GLASGOW, Ky. — A family court judge in Kentucky has recused himself from hearing same-sex adoption cases, citing that ethics codes require recusal if there is a “personal bias or prejudice” on a subject matter.
According to reports, Judge W. Mitchell Nance wrote in a court order on Thursday that as a “a matter of conscience” he believes he needs to recuse himself because “under no circumstance” does he believe that a child’s best interests would be served in family without both a mother and a father.
Nance told reporters that he has had two same-sex adoption cases come before his court: For the first, he recused himself, and for the second, he ruled in favor of the parents.

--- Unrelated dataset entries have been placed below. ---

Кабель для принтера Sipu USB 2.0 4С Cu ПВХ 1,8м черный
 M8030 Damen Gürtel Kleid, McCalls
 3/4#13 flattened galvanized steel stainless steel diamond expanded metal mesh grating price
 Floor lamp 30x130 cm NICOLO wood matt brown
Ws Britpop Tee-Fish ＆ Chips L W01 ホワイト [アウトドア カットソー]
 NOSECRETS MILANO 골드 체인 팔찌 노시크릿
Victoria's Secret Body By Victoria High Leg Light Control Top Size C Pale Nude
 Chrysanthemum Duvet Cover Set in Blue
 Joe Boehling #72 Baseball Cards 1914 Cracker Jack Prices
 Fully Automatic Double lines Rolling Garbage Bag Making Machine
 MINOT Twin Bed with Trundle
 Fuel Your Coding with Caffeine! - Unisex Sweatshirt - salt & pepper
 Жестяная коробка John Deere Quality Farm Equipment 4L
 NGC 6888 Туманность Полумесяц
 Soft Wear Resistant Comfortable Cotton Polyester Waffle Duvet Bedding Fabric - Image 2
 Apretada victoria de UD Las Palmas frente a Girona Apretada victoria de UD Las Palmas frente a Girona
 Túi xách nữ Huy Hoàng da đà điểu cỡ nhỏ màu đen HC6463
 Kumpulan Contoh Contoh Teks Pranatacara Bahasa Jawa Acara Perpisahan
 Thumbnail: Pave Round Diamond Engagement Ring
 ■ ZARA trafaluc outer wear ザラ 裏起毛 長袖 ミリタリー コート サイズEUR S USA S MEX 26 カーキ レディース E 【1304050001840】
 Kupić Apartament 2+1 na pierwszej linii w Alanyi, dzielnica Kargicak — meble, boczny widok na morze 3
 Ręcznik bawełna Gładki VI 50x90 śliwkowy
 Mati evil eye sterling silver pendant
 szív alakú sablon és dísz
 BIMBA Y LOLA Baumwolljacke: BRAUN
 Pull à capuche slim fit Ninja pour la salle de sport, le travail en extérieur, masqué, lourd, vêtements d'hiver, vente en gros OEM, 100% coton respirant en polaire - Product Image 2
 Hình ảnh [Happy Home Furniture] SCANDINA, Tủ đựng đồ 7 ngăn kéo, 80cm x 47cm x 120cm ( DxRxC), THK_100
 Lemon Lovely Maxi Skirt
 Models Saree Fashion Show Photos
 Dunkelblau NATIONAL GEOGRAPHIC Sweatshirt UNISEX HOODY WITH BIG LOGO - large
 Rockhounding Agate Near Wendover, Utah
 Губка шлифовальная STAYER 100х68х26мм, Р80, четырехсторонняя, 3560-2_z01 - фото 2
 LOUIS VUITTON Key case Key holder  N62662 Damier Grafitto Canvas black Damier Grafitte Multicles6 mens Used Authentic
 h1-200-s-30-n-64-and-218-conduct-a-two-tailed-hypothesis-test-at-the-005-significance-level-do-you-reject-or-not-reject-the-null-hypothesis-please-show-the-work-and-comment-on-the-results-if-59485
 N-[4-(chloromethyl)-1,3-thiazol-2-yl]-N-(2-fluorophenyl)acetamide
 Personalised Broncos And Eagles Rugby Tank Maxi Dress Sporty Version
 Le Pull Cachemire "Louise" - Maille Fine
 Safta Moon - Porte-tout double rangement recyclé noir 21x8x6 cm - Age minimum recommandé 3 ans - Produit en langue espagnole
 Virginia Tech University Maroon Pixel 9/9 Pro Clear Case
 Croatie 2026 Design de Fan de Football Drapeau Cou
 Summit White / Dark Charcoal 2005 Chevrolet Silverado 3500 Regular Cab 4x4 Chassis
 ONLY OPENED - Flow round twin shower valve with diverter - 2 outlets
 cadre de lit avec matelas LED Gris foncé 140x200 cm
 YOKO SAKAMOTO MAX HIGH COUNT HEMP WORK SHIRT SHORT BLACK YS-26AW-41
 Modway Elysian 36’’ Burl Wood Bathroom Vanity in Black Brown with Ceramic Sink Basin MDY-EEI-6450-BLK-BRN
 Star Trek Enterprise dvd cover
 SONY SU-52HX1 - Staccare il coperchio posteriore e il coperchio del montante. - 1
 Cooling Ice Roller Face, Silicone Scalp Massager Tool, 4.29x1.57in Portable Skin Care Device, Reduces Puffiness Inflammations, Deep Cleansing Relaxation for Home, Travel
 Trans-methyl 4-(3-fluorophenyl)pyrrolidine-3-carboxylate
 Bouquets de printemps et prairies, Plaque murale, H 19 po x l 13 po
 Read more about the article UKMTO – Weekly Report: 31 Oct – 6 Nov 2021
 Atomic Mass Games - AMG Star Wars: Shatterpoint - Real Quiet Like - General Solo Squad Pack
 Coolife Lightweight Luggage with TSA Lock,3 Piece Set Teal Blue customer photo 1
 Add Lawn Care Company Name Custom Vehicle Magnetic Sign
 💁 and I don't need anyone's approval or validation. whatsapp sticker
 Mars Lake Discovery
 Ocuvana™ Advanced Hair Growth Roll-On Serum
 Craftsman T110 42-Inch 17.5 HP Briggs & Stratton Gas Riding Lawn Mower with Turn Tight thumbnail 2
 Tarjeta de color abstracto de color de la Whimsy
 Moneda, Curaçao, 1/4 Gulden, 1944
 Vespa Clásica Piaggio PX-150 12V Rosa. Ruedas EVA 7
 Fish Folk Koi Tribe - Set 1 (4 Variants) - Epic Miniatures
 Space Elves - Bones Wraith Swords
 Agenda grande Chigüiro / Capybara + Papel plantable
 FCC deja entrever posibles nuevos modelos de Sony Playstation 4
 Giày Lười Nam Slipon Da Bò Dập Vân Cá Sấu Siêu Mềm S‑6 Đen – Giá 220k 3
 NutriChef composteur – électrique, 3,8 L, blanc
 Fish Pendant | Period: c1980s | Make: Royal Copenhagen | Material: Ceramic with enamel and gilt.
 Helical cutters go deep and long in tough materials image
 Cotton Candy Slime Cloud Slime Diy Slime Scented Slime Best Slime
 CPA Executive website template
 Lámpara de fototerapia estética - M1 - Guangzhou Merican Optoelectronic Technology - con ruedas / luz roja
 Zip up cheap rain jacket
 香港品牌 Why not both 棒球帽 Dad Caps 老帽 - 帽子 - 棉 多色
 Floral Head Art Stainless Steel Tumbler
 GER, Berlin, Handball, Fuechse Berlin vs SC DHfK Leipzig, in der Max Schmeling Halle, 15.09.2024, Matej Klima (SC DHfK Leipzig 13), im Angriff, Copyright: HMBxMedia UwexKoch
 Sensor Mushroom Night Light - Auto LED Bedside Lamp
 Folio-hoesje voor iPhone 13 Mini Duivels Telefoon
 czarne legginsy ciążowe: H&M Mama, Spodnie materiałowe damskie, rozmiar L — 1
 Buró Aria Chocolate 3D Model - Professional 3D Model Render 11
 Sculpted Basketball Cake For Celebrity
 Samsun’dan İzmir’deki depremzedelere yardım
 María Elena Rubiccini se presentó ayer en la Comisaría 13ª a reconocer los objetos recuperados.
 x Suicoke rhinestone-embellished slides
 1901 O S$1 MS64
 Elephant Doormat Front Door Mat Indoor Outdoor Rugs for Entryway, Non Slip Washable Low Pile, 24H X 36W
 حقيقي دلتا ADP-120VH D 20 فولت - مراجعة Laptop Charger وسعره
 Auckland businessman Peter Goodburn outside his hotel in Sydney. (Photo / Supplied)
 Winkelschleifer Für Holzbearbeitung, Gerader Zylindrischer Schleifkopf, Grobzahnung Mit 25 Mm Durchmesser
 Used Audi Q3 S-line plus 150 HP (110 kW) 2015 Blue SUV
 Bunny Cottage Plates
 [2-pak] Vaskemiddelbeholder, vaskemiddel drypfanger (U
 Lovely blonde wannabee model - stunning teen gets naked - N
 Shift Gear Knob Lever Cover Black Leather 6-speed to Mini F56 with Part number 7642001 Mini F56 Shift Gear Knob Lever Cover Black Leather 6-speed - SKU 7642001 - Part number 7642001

After the second situation, he decided to permanently recuse himself from such matters.
“It made the matter come to my awareness more directly, I would say,” Nance told the Glasgow Daily Times. “I felt it would be more prudent to go ahead and address it.”
A judge in the court’s second division will consequently hear any same-sex adoption cases that might have otherwise been assigned to Nance.
Word of Nance’s recusal has drawn both applause and criticism, with some questioning whether Nance should be allowed to serve as a judge at all because of his views on homosexuality.
“What we have is a judge who has made a record of his inability to be a fair and impartial judge for a whole class of citizens who are entitled to have a fair and impartial judge,” Sam Marcosson, law professor at the University of Louisville, told the New York Times. “It raises serious problems about his fitness for office going forward.”
However, the Family Foundation of Kentucky noted that judges on the left often have biases when ruling on cases, and that it is only right to recuse oneself so as to be fair. It said that just as all men, judges shouldn’t be forced to violate their conscience.
“If we are going to let liberal judges write their personal biases and prejudices into law, as we have done on issues of marriage and sexuality, then, in the interest of fairness, we are going to have to allow judges with different views to at least recuse themselves from such cases,” spokesman Martin Cothran said in a statement.
“When adoption agencies abandon the idea that it is in the best interest of a child to grow up with both a mother and father, people can’t expect judges who do believe that to be forced to bow the knee,” he stated. “Judges have a right of conscience like everyone else.”
Cothran said that there is no law in Kentucky requiring judges to place children in same-sex homes anyway.
In Deuteronomy 16:18, God commanded his people to appoint judges who would rule justly according to His law.
“Judges and officers shalt thou make thee in all thy gates, which the Lord thy God giveth thee, throughout thy tribes: and they shall judge the people with just judgment,” it reads.